= Sponge iron reaction =

Chemical process

The sponge iron reaction (SIR) is a chemical process based on redox cycling of an iron-based contact mass, the first cycle is a conversion step between iron metal (Fe) and wuestite (FeO), the second cycle is a conversion step between wuestite (FeO) and magnetite (Fe_{3}O_{4}). In application, the SIT is used in the reformer sponge iron cycle (RESC) in combination with a steam reforming unit.

==Process description==
The process has two modes, a reduction mode and an oxidation mode.
===Iron-wuestite===
FeO + H_{2} ↔ Fe + H_{2}O

===Magnetite-wuestite===
Fe_{3}O_{4} + H_{2} ↔ 3FeO + H_{2}O

==Application==
The reformer sponge iron cycle is a two step cycle to produce hydrogen from hydrocarbon fuels based SIR and steam.
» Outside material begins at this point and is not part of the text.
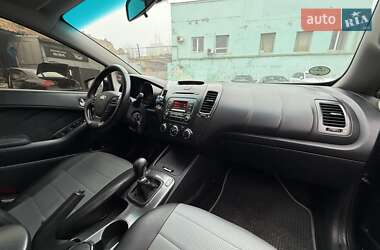 Седан Kia Cerato 2014 в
===Reformer sponge iron cycle===
In the first step the hydrocarbon fuel is reformed to syngas in the reformer which is then used to reduce the iron oxide (magnetite—Fe_{3}O_{4}) to iron (wüstite—FeO), in the second step steam is utilized to re-oxidise the iron into magnetite and hydrogen. The iron oxide pellets are placed in a pelletbed and have a service life of several thousand redox cycles.